By: Sara Patterson
It’s the move everyone’s been talking about – yesterday’s Federal Reserve announcement that it will reduce borrowing costs in order to hasten economic growth. Equally newsworthy is the downgrade by Moody’s of 3 top US banks – Bank of America, Citigroup and Wells Fargo & Co. Taken alone, each of these announcements is enough to wreak havoc on the American economy. Taken together, these developments have already had a dramatic impact on trading during today’s London session, and the market is expected to open lower in the New York session.
The Fed will purchase $400 billion of long-term debt while selling shorter-term securities, in an effort to jump start the nation’s struggling economy. The Fed’s debt is currently more than $1.6 trillion. Stocks and commodities prices fell as a result of this move, with treasury 10-year yields dropping to a record low. This slide is expected to continue into the NY trading session today. Treasury bonds, however, surged with the expectation that the central bank would purchase long-term debt.
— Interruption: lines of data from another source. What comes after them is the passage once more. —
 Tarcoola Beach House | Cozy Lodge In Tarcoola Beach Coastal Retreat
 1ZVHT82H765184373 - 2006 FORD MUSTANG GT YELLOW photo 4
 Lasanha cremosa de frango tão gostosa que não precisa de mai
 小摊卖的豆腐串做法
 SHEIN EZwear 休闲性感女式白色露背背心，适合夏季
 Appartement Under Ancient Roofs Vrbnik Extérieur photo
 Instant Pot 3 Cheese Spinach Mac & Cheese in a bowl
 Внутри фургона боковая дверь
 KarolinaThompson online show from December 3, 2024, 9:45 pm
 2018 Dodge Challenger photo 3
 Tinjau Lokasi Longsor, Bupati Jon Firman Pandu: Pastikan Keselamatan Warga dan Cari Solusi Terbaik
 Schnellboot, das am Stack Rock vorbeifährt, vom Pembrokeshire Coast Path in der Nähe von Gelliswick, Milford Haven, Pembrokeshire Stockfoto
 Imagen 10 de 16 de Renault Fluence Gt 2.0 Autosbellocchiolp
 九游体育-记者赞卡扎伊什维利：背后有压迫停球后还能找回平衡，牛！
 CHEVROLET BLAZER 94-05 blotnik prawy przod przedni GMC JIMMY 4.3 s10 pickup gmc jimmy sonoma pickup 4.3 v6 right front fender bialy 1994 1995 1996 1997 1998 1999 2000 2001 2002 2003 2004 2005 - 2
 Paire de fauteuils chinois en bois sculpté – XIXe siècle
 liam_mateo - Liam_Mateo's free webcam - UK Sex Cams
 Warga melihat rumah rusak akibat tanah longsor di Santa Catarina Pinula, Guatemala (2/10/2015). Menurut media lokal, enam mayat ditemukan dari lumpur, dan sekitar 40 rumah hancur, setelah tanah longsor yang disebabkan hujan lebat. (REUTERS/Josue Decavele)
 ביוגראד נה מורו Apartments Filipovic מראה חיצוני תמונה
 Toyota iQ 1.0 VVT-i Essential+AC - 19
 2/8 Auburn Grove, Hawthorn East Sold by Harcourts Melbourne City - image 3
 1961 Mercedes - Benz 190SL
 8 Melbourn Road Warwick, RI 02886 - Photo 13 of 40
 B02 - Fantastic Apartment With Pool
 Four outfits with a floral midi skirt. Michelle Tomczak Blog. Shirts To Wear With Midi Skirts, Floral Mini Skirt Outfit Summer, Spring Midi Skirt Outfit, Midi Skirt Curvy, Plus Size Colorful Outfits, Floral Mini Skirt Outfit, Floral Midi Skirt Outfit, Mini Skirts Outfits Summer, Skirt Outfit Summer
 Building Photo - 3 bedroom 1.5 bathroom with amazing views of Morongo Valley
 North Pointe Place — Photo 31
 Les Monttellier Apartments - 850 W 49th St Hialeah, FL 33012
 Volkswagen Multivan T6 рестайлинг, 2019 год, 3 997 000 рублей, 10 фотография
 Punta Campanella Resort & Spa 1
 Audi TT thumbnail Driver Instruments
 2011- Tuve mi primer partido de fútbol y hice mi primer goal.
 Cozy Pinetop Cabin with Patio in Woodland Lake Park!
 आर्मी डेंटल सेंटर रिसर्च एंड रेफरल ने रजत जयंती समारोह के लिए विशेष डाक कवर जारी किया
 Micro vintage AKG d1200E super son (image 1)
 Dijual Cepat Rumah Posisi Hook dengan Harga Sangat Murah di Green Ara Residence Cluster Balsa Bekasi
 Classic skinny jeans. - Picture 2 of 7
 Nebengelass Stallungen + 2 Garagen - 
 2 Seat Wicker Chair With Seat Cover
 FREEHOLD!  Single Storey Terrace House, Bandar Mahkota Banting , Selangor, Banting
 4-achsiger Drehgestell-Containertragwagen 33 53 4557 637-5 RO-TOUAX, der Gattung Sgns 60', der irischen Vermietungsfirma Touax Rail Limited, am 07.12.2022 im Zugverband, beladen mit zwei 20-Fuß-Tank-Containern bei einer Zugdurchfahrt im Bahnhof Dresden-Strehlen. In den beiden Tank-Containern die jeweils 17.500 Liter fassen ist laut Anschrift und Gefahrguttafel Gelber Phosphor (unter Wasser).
The downgrade of Italian banks Intesa Sanpoalo, Mediobanca SpA and others did nothing to help the Euro, which faced losses yet again today. Stock prices in the European markets also plummeted further, reaching a 26-month low following bleak reports from both the US and Chinese governments as well as continued dismal news from within the region, especially as related to credit default swaps in France and Germany.